午前三時三十分の目覚め。性欲と尿意という快感を放出して再度布団に入る。横向きになり顎関節への負担を感じつつ、妄想と記憶の奔流の中に身を投じる。暗闇の底へ、透明な底にぶら下がったペニスが触れ、火花を散らす。

午前七時の起床。上窓に複雑な雲と陽が散っている。不自然な格好で寝入り脚が痺れ立てない。煙草を吸い、シャワーを浴び、着替え、煙草を吸い、イヤフォンを耳に埋め込み、自宅を出る。

Rinbjo「戒厳令」。今日はクリスマスイブで歯医者に寄る用事がある。

朝の挨拶に路上に立つ高校生。まだ彼等に冬休みは来ていない。駅構内に向かう階段を駆ける青いスエードのパンプス。サルエルパンツに付いたふぐりのような丸い尻尾が揺れる。

満員電車に身体を押し込み横に立った男性の金色のイヤリングに目を奪われ、身体を押し込む女性の香水が鼻を衝く。電車を降りると音楽が電池切れにて強制終了。仕方無く鞄から取り出した有線イヤフォンを解きスマートフォンに繋ぐ。着いたばかりの電車にエスカレーターから身体を滑り込ませる。

路上に出ると外国人のモデルがポーズを決め、それを大勢の人が見守る。カメラマンが中腰でカメラを構える。それは戦場でスコープを覗き込む狙撃手に似て、引鉄は引かれ、連続するシャッター音が鳴り、鉛の塊がモデルに一秒に五回撃ち込まれる。

昼休み。いつもの喫茶店でコーヒーを飲み、あんぱんを食べ、煙草を吸う。下腹部に便意を感じつつ吸う煙草は味が覚束ない。

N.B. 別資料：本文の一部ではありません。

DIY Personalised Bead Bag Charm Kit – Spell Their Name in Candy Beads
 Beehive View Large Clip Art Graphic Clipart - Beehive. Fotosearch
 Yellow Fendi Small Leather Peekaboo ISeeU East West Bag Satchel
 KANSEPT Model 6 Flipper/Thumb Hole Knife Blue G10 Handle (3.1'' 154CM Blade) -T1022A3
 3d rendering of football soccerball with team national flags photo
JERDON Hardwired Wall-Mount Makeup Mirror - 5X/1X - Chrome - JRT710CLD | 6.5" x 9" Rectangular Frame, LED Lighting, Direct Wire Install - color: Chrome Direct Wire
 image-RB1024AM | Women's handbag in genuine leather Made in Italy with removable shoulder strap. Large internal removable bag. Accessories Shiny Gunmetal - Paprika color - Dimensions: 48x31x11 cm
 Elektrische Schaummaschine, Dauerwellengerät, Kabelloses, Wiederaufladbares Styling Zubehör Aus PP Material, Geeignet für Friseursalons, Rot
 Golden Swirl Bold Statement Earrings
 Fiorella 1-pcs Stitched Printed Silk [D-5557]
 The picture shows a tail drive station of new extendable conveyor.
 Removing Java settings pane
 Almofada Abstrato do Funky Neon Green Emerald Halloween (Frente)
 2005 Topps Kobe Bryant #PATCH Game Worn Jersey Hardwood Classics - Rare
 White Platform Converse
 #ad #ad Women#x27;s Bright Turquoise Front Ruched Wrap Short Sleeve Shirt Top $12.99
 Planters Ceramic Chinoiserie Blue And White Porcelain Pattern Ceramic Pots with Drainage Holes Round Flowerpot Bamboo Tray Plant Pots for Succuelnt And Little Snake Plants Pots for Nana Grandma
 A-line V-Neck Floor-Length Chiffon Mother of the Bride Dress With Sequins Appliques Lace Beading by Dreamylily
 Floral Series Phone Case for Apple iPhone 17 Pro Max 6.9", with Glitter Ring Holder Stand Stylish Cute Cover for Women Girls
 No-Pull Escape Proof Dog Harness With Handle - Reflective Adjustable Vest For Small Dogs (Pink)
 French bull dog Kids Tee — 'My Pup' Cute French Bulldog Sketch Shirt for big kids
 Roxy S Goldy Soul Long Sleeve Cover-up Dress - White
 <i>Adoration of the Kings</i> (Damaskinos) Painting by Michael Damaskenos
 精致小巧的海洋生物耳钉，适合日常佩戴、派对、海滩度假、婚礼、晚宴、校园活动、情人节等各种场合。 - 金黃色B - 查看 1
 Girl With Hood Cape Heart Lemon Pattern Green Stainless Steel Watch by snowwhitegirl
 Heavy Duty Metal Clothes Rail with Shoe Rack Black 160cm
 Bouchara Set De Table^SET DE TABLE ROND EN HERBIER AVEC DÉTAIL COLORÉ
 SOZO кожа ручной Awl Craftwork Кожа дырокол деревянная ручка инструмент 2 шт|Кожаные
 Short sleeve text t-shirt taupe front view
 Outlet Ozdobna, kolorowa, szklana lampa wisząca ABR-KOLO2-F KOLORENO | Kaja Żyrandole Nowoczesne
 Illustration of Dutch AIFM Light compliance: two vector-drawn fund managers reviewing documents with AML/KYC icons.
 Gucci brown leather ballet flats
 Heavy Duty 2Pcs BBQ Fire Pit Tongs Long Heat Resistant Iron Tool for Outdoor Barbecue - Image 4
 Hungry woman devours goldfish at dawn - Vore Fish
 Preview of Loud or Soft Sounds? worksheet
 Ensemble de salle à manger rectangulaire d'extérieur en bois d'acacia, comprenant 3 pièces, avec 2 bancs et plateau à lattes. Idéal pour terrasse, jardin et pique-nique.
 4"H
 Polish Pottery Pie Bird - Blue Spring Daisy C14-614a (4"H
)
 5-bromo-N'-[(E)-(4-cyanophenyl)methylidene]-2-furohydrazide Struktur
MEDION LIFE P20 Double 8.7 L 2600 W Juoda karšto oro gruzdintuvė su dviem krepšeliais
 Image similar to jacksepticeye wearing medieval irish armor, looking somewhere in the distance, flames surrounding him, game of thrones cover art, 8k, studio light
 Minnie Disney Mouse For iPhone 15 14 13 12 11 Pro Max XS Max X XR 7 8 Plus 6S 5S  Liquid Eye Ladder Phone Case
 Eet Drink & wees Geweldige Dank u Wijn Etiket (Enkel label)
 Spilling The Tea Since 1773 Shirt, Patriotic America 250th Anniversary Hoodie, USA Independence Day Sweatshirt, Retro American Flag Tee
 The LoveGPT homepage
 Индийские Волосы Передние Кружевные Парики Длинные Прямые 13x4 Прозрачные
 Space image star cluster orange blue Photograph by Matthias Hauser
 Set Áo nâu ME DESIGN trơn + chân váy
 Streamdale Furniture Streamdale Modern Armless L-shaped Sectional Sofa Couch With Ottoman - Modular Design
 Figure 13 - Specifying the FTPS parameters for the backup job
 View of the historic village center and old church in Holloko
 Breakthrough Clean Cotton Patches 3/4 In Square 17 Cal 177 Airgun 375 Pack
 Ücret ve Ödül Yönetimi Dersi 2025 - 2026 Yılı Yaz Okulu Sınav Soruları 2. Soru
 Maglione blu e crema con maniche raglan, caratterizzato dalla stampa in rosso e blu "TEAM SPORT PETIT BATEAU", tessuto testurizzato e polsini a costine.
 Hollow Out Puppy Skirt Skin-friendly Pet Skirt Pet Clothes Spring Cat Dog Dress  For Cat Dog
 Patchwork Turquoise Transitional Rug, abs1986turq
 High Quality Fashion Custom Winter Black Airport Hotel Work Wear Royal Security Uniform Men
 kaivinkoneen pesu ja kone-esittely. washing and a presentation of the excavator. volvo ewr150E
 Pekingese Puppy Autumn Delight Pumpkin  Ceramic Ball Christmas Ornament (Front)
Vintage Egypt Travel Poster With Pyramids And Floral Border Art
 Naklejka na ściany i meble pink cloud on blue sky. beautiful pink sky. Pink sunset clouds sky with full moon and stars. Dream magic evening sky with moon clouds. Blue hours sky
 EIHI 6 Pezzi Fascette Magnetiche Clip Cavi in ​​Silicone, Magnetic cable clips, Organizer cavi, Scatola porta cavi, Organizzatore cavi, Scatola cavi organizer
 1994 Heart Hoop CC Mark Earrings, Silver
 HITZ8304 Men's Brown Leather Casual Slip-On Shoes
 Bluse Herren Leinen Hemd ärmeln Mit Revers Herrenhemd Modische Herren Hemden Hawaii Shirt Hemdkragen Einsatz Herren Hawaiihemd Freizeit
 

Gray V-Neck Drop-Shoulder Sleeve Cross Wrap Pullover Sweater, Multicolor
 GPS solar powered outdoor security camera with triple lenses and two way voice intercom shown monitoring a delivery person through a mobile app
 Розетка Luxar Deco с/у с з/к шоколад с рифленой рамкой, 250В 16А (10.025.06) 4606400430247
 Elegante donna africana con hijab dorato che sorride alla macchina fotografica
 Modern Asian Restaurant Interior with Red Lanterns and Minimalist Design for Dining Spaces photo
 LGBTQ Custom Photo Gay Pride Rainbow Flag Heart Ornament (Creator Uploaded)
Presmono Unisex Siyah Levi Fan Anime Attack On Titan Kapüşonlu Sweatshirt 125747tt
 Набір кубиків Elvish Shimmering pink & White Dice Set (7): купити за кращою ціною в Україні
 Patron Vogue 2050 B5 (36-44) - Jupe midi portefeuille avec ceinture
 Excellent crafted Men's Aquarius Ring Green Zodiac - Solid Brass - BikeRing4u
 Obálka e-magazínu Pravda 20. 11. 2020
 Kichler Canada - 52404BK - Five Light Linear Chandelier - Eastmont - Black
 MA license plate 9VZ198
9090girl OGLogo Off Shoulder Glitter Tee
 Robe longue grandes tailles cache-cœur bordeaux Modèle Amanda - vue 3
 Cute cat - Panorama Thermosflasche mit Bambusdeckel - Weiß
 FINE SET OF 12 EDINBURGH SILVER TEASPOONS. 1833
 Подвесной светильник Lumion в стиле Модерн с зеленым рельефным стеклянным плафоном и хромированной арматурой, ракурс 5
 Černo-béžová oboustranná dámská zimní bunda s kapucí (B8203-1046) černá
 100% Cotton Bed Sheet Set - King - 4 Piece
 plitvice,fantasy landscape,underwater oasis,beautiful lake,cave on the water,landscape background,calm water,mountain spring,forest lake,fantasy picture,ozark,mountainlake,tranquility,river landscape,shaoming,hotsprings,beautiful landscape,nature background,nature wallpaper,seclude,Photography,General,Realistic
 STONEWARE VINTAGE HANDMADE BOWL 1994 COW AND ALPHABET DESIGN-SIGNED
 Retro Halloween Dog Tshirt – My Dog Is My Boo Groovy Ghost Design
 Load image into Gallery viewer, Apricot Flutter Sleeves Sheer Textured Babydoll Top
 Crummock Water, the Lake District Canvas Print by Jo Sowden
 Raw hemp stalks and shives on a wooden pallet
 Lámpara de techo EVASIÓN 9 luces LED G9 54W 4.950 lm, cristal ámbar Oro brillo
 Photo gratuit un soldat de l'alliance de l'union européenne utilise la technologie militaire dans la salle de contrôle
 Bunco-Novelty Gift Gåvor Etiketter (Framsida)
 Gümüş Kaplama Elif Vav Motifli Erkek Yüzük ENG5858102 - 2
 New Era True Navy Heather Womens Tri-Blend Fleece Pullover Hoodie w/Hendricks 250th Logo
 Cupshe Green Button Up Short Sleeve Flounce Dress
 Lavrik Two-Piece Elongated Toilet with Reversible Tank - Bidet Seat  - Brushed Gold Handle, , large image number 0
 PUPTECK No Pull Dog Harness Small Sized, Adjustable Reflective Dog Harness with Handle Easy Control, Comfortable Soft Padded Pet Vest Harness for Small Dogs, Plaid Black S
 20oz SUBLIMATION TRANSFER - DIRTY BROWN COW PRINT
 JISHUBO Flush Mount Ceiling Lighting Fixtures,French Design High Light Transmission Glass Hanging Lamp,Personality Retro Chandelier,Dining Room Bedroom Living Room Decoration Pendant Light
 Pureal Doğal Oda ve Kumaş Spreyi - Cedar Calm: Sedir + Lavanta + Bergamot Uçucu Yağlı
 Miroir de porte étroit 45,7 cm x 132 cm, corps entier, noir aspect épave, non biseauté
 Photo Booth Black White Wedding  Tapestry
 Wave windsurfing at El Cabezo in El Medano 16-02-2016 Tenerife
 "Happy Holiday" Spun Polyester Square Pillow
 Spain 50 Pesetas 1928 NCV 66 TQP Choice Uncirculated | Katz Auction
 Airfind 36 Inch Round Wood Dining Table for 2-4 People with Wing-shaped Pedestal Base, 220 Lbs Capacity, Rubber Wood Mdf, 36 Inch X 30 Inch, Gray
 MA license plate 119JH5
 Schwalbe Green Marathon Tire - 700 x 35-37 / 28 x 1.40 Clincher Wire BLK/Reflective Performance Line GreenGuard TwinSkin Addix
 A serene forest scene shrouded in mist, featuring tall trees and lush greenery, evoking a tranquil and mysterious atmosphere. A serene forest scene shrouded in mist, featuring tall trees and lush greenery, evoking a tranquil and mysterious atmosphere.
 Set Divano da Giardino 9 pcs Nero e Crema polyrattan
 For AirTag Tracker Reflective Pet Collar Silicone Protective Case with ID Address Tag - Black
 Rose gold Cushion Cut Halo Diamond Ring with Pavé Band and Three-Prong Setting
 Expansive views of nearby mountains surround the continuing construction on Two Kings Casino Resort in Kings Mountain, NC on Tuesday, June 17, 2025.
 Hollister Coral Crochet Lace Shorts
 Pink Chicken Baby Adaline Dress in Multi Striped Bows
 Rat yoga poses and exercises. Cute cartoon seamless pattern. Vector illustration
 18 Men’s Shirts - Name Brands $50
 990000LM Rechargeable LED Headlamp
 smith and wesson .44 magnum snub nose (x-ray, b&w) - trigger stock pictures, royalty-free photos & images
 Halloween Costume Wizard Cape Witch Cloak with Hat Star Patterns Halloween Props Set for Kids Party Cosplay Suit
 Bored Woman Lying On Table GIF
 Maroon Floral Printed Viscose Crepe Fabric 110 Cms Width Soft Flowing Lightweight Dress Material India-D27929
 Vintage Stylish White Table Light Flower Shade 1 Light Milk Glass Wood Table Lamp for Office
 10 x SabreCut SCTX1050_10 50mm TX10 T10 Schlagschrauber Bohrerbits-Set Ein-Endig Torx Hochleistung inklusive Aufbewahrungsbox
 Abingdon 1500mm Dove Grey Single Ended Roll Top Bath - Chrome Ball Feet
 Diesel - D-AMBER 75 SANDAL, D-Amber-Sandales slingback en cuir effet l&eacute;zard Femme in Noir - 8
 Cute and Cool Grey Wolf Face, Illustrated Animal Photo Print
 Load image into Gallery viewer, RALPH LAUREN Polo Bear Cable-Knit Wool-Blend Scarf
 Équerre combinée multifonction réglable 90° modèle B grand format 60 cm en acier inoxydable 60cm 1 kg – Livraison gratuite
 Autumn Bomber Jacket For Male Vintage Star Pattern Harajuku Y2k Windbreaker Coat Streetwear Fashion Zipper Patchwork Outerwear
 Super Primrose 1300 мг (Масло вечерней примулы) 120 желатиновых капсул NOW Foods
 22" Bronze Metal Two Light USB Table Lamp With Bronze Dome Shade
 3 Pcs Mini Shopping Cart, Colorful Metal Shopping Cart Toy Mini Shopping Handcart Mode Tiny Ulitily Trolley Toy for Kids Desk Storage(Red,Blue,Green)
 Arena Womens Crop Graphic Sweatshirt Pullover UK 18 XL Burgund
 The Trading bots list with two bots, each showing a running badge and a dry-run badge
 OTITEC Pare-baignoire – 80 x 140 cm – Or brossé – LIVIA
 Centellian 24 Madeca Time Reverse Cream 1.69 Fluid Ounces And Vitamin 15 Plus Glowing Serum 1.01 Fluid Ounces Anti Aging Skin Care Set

クリスマスイブとクリスマスに対して俺は因果関係も相関関係も無い。

電車に満ち始めたコーヒーの匂い。

「あなたはしっかりとした横顔をしている。」「日本人には少ない横顔です。」と口腔外科の医師は言う。顎間接を外側と内側から確認した後、骨の間接についてのレクチャー。「最近は原因が判らない症状が多くてね。昔からあった訳だけど…」「鏡を見て下さい。顔がどちらかにずれていませんか?」「人の身体に癖があります。」「骨の間接には三点だけ特別なものがあります。一つ目は骨盤、二つ目は肩、三つ目は顎関節です。」「顎関節は骨が骨を包み込む形で左右が同じ動きをする事で口が開くのです。」「眠っている時に歯ぎしりをする事で顎関節が負担を受けているのだと思います。」「今後は朝を起きたら顎の運動をして頂きます。またマニュビレーションで顎の位置を自分で整えて下さい。」「ナイトピースを使うかは今後考えましよう。」「ナイトピースは使った場合、三ヶ月位使用して貰います。それ以上使うと依存症を引き起こす事もあります。」

友人からの電話。接客業の彼は昨日今日の休日を最後に年明けまで連続出勤する事になるという。シフトに入ってくれるアルバイトはいないのかと尋ねると「いや、俺は出なくちゃいけないんだよ。」と諦めの答え。今ハマっているというゲームやらの本の話を聞き電話が切られる。